Problem: Only the pictures stay out; every record is to be quoted exactly.

Data excerpts:

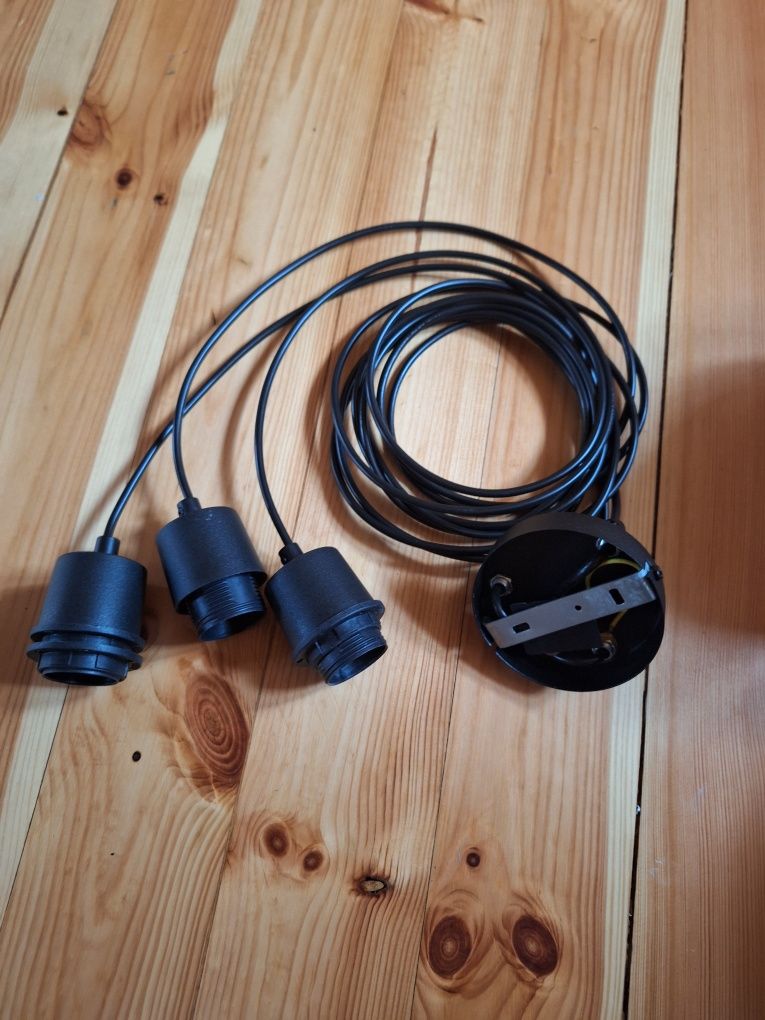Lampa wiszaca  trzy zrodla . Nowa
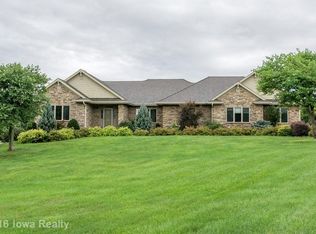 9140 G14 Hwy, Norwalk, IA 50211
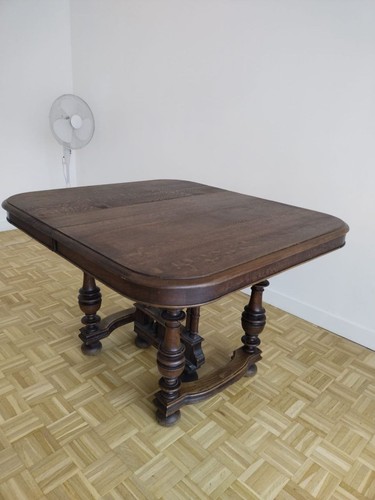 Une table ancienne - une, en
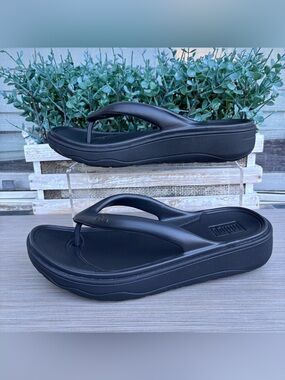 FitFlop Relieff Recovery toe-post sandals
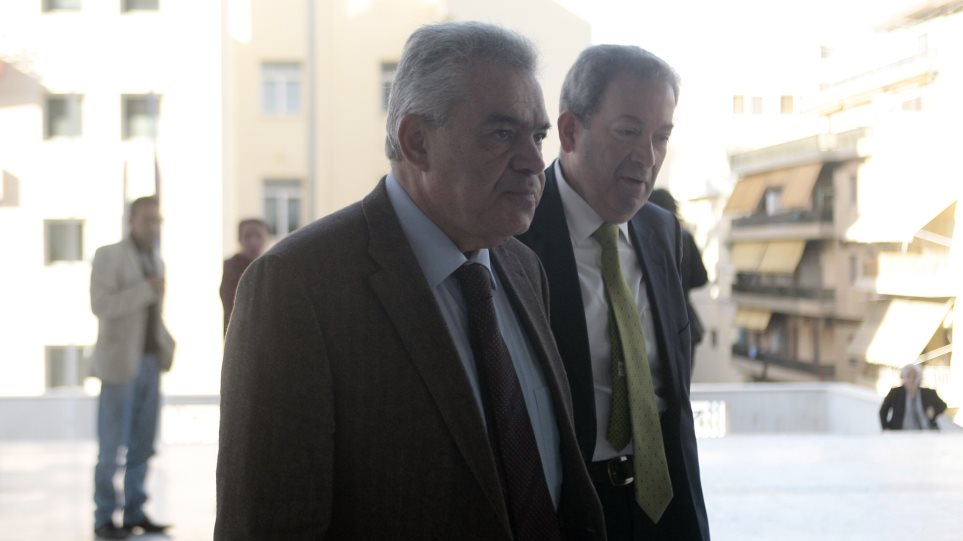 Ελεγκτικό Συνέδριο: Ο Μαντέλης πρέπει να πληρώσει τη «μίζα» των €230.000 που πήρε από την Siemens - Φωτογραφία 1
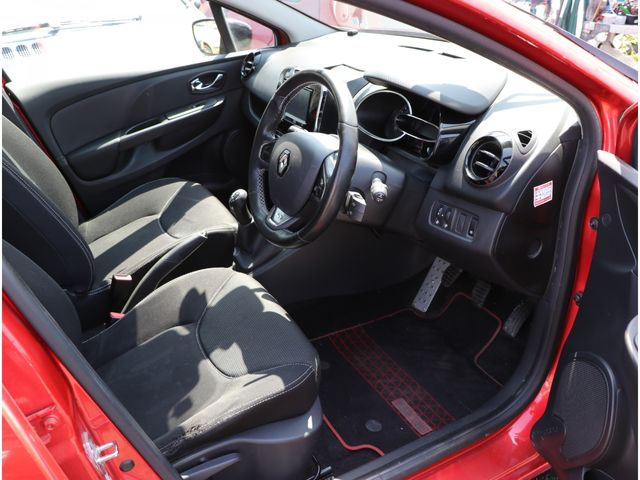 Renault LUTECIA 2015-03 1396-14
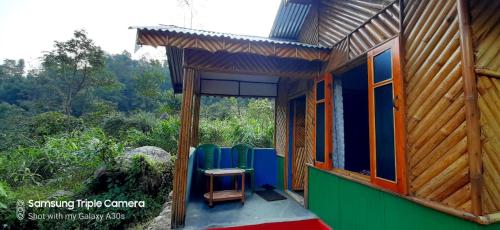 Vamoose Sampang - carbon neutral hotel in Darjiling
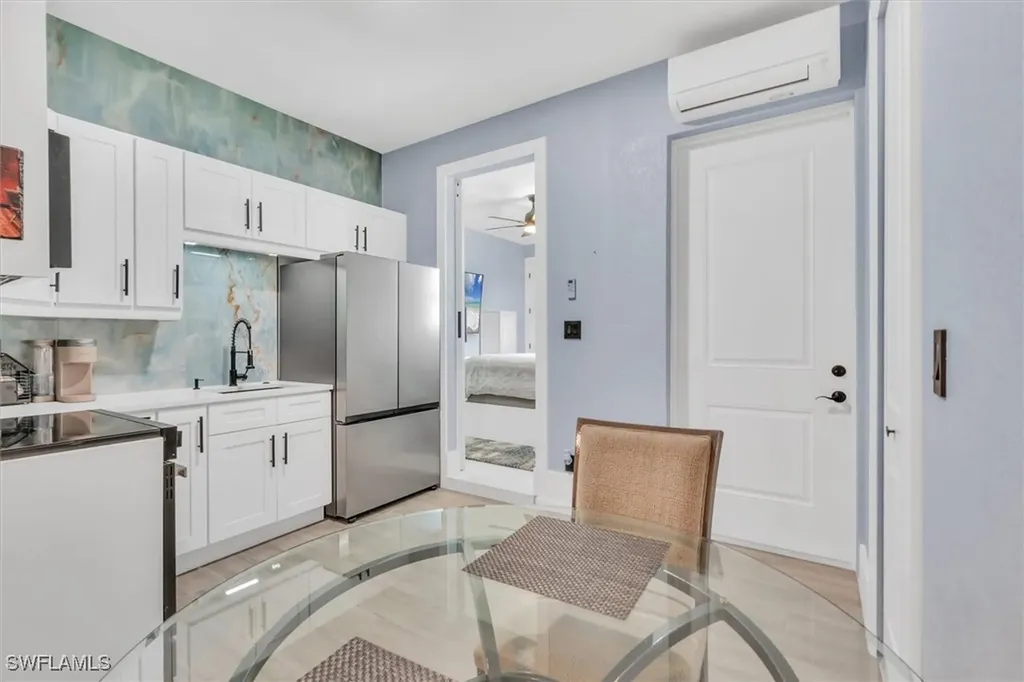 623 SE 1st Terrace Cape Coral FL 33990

Exercise solution:
Lampa wiszaca  trzy zrodla . Nowa
 9140 G14 Hwy, Norwalk, IA 50211
 Une table ancienne - une, en
 FitFlop Relieff Recovery toe-post sandals
 Ελεγκτικό Συνέδριο: Ο Μαντέλης πρέπει να πληρώσει τη «μίζα» των €230.000 που πήρε από την Siemens - Φωτογραφία 1
 Renault LUTECIA 2015-03 1396-14
 Vamoose Sampang - carbon neutral hotel in Darjiling
 623 SE 1st Terrace Cape Coral FL 33990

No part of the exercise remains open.